▸ Exercise data:

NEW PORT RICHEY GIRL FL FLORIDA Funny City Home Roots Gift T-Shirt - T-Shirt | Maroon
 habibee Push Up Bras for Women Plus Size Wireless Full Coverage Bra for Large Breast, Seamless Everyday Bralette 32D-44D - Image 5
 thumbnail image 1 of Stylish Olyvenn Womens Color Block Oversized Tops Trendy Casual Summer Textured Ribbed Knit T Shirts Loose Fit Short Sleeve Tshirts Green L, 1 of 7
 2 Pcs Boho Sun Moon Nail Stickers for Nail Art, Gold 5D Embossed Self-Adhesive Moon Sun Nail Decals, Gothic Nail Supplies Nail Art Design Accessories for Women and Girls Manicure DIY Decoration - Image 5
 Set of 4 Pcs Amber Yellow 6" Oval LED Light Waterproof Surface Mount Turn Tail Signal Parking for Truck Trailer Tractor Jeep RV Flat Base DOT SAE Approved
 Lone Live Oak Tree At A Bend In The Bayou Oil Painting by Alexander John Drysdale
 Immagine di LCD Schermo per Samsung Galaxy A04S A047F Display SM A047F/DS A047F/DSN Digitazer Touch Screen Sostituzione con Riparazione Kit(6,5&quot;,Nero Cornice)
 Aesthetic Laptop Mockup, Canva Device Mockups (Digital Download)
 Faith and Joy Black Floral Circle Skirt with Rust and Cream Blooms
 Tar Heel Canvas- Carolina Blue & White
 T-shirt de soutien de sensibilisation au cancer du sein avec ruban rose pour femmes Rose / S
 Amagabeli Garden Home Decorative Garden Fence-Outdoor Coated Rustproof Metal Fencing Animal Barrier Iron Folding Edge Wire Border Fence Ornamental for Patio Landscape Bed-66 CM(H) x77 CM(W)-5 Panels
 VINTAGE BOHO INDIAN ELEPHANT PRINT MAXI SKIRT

▸ Exercise prompt:
After locating the line holding "thumbnail image 1" above, output exactly that line and every line after it through the line holding "Lone Live Oak". Include nothing else.

▸ Expected answer:
 thumbnail image 1 of Stylish Olyvenn Womens Color Block Oversized Tops Trendy Casual Summer Textured Ribbed Knit T Shirts Loose Fit Short Sleeve Tshirts Green L, 1 of 7
 2 Pcs Boho Sun Moon Nail Stickers for Nail Art, Gold 5D Embossed Self-Adhesive Moon Sun Nail Decals, Gothic Nail Supplies Nail Art Design Accessories for Women and Girls Manicure DIY Decoration - Image 5
 Set of 4 Pcs Amber Yellow 6" Oval LED Light Waterproof Surface Mount Turn Tail Signal Parking for Truck Trailer Tractor Jeep RV Flat Base DOT SAE Approved
 Lone Live Oak Tree At A Bend In The Bayou Oil Painting by Alexander John Drysdale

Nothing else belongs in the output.